El_barril_de_pascal_1

Figura 1. Experimento de Pascal (2)

¿Cómo fue posible realizar semejante proeza? El secreto de este insólito experimento consiste en utilizar de manera ingeniosa una ley física descubierta por el propio Pascal según la cual la presión aplicada a una región de un líquido contenido en un recipiente indeformable, se transmite con el mismo valor a cada una de las partes de dicho líquido.  Este es el denominado principio de Pascal, que constituye una de las piedras angulares de la hidrostática, que es aquella rama de la física que estudia el comportamiento de los fluidos en reposo.  Este principio tiene diversas aplicaciones prácticas que, en general, se traducen en el diseño y construcción de mecanismos que permiten amplificar fuerzas.  Como quedará en evidencia más adelante, lo que Pascal llevó a cabo con su experimento fue precisamente amplificar una fuerza.

Apliquemos entonces el descubrimiento del científico francés para comprender la razón por la cual las juntas de barril reventaron.  Lo primero que debemos notar es que el principio de Pascal se refiere a la presión dentro de un fluido, y no a la fuerza ejercida por este.  Es habitual confundir la presión con la fuerza, pues pese a que se trata de magnitudes físicas distintas, se encuentran íntimamente relacionadas.  Aun cuando hay mucho que decir sobre este punto, para nuestros propósitos basta definir la presión como una medida de cuan concentrada se encuentra una fuerza.  Vale decir, una misma fuerza puede ejercer diferentes presiones dependiendo del tamaño del área sobre la que actúa.  Por tanto, si deseamos que una fuerza esté altamente concentrada, debemos reducir lo más posible la superficie sobre la cual se ejerce(3).  Aquellos que hemos padecido el pisotón de una mujer que lleva zapatos con taco aguja conocemos muy de cerca las dramáticas implicancias del concepto de presión.  Para captar este punto consideremos una mujer de unos 53 kilogramos (53kg) que lleva zapatos taco aguja cuya base de contacto tiene un área de 1 centímetro cuadrado (1cm^2).  Cuando una mujer camina, puede llegar a poner cerca del 50% de su peso total sobre cada taco.  Un cálculo bastante simple revela que la presión debida al taco aguja es aproximadamente 33 veces mayor que la ejercida por un elefante adulto, cuya masa es de casi cuatro toneladas (4.000kg), y que suponemos parado sobre sus cuatro patas.  Esto significa que el pisotón de una menuda y delicada fémina puede causar mucho más daño que el de un elefante en edad adulta.  ¡Imagine lo que sucedería si el pisotón fuera propinado por una fémina que no fuese ni tan menuda ni tan delicada! ¿Cómo se explica este sorprendente resultado?

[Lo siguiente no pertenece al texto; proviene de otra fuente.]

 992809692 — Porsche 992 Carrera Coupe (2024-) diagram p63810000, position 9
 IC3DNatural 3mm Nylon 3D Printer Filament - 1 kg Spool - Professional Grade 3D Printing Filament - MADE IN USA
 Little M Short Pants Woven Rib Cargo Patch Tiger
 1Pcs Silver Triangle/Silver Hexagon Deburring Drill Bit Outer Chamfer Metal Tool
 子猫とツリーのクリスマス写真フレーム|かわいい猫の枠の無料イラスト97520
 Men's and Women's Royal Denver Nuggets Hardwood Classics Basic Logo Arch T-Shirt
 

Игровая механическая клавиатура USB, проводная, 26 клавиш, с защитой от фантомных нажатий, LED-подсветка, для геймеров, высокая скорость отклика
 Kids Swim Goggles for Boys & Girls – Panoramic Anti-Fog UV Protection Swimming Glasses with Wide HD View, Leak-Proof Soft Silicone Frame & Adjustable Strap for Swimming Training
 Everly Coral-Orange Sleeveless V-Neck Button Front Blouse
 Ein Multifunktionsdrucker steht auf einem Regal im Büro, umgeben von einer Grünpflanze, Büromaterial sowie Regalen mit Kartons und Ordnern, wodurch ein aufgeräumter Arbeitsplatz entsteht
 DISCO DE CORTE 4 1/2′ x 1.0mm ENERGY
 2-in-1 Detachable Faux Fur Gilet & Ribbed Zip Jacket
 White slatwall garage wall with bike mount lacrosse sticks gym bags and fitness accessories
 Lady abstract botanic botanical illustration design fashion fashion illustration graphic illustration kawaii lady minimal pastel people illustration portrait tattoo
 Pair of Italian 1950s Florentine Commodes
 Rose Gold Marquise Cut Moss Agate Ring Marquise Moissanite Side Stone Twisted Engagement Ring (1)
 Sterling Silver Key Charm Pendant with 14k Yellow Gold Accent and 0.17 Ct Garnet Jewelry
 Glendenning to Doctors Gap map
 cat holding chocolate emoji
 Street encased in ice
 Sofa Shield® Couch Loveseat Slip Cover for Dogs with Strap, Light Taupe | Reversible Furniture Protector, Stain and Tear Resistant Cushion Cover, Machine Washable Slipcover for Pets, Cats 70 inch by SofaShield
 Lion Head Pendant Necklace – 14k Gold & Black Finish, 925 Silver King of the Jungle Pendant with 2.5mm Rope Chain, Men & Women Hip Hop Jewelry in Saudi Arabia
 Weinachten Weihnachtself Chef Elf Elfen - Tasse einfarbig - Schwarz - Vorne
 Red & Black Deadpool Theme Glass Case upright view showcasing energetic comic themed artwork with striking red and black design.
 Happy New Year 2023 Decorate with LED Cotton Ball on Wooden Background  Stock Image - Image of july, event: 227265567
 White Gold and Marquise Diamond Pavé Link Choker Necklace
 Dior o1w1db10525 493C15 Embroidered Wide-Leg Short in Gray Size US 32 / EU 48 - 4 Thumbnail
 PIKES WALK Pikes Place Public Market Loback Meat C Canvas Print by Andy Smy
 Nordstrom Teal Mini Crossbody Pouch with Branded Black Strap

Pues simplemente por el hecho que el diámetro promedio de la pata de un elefante es de 38cm, de modo que la superficie correspondiente tiene un valor de 1.140cm^2, vale decir, el área de la pata de un elefante es aproximadamente 1.140 veces la de un taco aguja (que es del orden de 1cm^2); sin embargo, el peso de un elefante es alrededor de 68 veces mayor que el de una delicada fémina.

Recurriendo a un ejemplo menos glamoroso, si usted tiene la mala fortuna de encontrarse caminando sobre un algo congelado, y en medio de su aventura descubre que el piso comienza a resquebrajarse, debe recostarse cuidadosamente sobre el hielo, extendiendo lo más posible su cuerpo, pues aun cuando su peso no cambia, al recostarse consigue distribuirlo sobre una superficie mayor, con lo cual ejercerá menos presión sobre la superficie de hielo, y correrá un riesgo bastante menor de que el hielo se rompa debajo suyo.  El funcionamiento de cuchillos y tijeras se basa precisamente en aumentar la presión reduciendo la superficie de contacto.  En suma, podemos afirmar que para aumentar la presión debida a una fuerza determinada, debemos reducir el área sobre la que actúa.  Si por el contrario deseamos reducir la presión, entonces será necesario aumentar el área.  Para que ponga a prueba sus conocimientos le sugiero que intente responder la siguiente pregunta: ¿en que posición se debe colocar un libro sobre una mesa para que la presión sobre esta última sea mínima?

Regresando al problema que nos ocupa, recordemos que Pascal utilizó tan solo 1kg de agua (un litro) para reventar las juntas del barril.  Luego de lo dicho hasta aquí, podemos comenzar a disipar una parte del misterio, pues una cosa es 1kg de agua derramado sobre una superficie de 60cm de diámetro, que corresponde a la tapa del barril, y otra muy distinta es el mismo kilogramos de agua depositado sobre el área interior del extremo del tubo cuyo diámetro es de apenas 1cm.  En el primer caso la presión ejercida por el agua es muy pequeña, mientras que en el segundo es enorme, ya que se encuentra distribuida sobre una superficie diminuta.  Pues bien, esto es precisamente lo que el ilustre científico francés pretendía conseguir al introducir el agua en un tubo angosto y de gran longitud.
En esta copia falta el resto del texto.